Often regarded as one of the best makers of ramen, Ippudo has a legendary reputation for enormous queues and long waiting times, all for a bowl of noodles in broth. People get seriously passionate about ramen, and while I'm only just delving into this world I am fully in love with the stuff. Which might explain why I was outside Ippudo on a Tuesday morning at 10:45am, 7th in the queue, waiting for the 11am opening time. Once inside, the space reminds me of a Busaba Eathai. Seated communally, the din is incredible. Every time someone walks in, all the staff shout a greeting in Japanese to the mostly young Asian crowd. I was in and out in 30 minutes and by the time I left, pop music was pumping and the poor hapless sod opposite me was still trying to shout business down his mobile phone, with laptop out.
The lunch deal includes any ramen plus a rice with topping and side salad for merely $3 extra. I chose the grilled eel with rice, a surprisingly generous portion. The fish was soft and tender, the rice well cooked.
The curious side of me wanted to choose their 'special' which included Parmesan cheese but I knew I'd cry if I didn't like it, so I stuck to Akamaru Modern ($14). The Tonkotsu broth is topped with miso paste, pork chashu (which is simmered pork belly, unlike the Chinese char siu), scallions and fragrant garlic oil. A soy marinated soft boiled egg (nitamago) as an extra ($2) completed the bowl. The broth was deeply porky with a hint of sweetness from the reddish miso being stirred in. This was a seriously satisfying bowl, though I'd have liked the ramen noodles a bit thicker, a bit springier. Can we have an Ippudo in London please?
New York is famous for their bagels and one morning - fine, fine, afternoon - we headed up to David's Bagels. As we joined the queue we were greeted with a stunning array of bagel types so it only made sense to go for the Everything bagel. Studded with poppy seeds, sesame, onion flavourings and the like, it was served warm filled with lox and cream cheese ($8.50). It was stunning, really, like no other bagel I've had. Soft but not pappy, it held the filling well and was a far cry from those hard dry things we get in London. Pastrami and pickle-filled bagel ($6) was equally good.

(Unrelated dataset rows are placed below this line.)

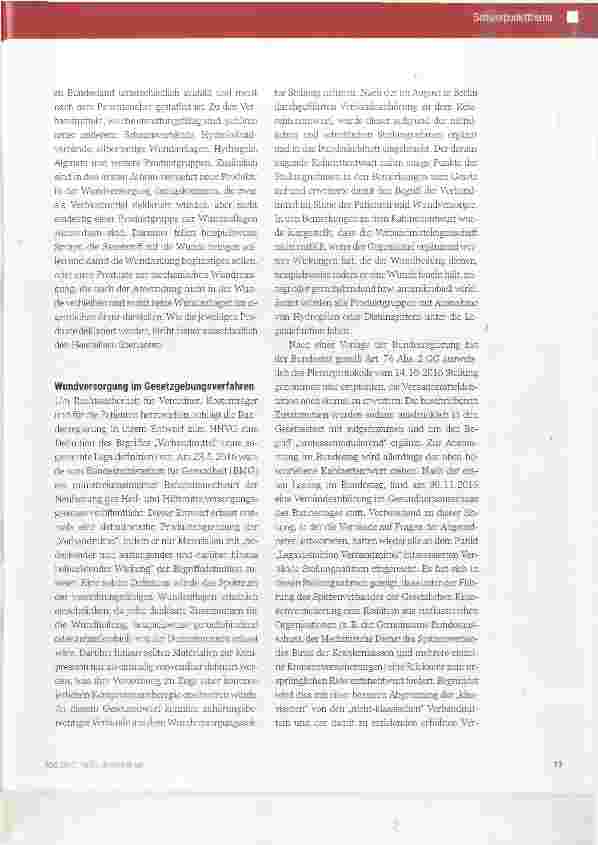 Vorschauseite 2: Ist die moderne Wundversorgung noch zu retten?
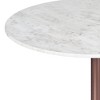 WyndenHall Whaler Dining Table White/Copper: 35.8" Contemporary Marble Top, Iron Base, Seats 2 - 2 of 4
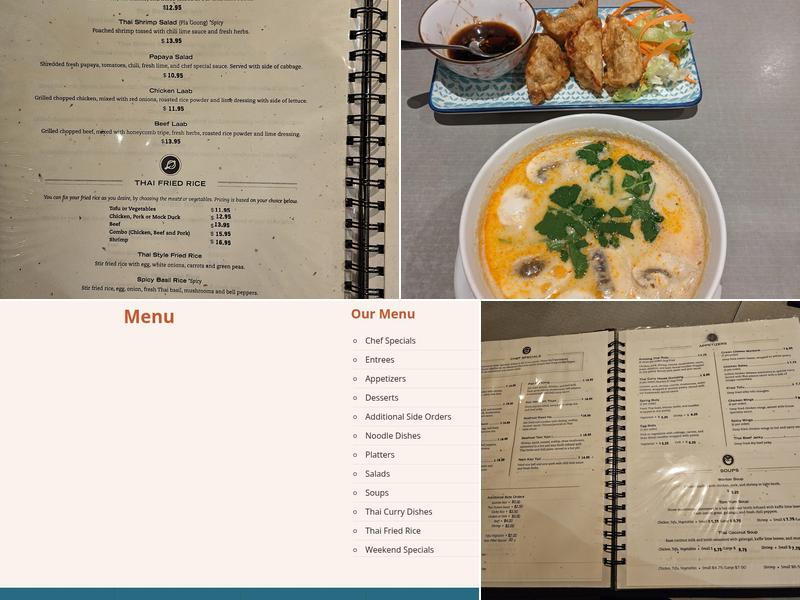 Thai Curry House Menu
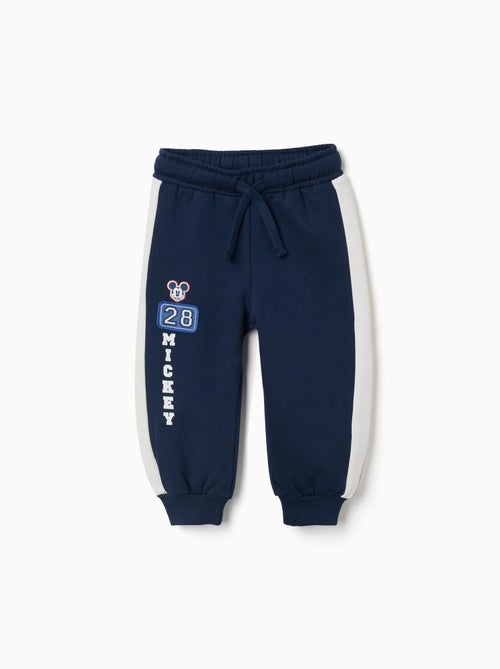 Pantalon de jogging en coton peigné avec imprimé mickey - Kiabi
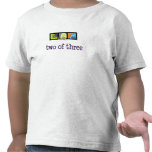 Dreiergruppe-Monster zwei von T-Shirt drei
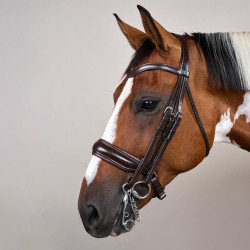 Brida Muserola Ancha Mate Working By Dy'on Marrón Brida Muserola Ancha Mate Working By Dy'on Marrón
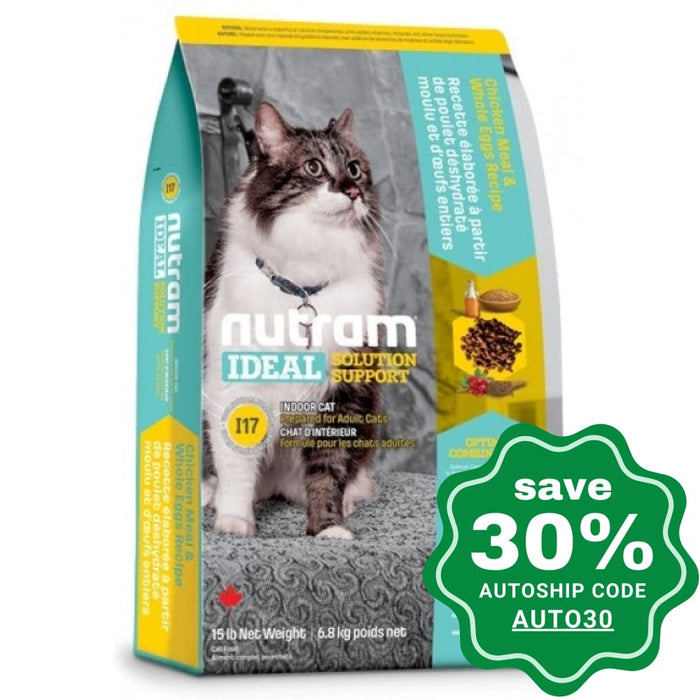 Nutram - I17 Ideal Solution Support - Indoor Shedding Cat Food - 6.8KG - PetProject.HK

I suspect it's not even the best ever, but then I don't know much about them; we were nearby, hungry and it made me happy.
273 First Avenue (1st Ave. between E 15th St. & E 16th St.)
Since my first visit when I went to Torrisi Italian Specialities, things have changed and they have opened Parm, a more casual sandwich shop next door, devoting the main place to a more restaurant-like environment. I propped myself up at the bar and had an eggplant parm, served in a sweet semolina roll. I was still reeling from my ramen brunch, otherwise I'd have gone fully for the hero, a far larger affair. With slices of soft, juicy aubergine coated in gooey cheese, tomatoey sauce and sandwiched with basil leaves, the roll was perhaps a little oversweet to my liking but otherwise it was excellent, particularly for an aubergine obsessive. The Boy, a New York resident, has been addicted to the meatball parm for many weeks now and expressed disbelief at my choice. I am beginning to wonder about it myself. At $8 its not a cheap every day lunch but it makes a happy lunch.
So there ends the cheap eats. Are you still with me?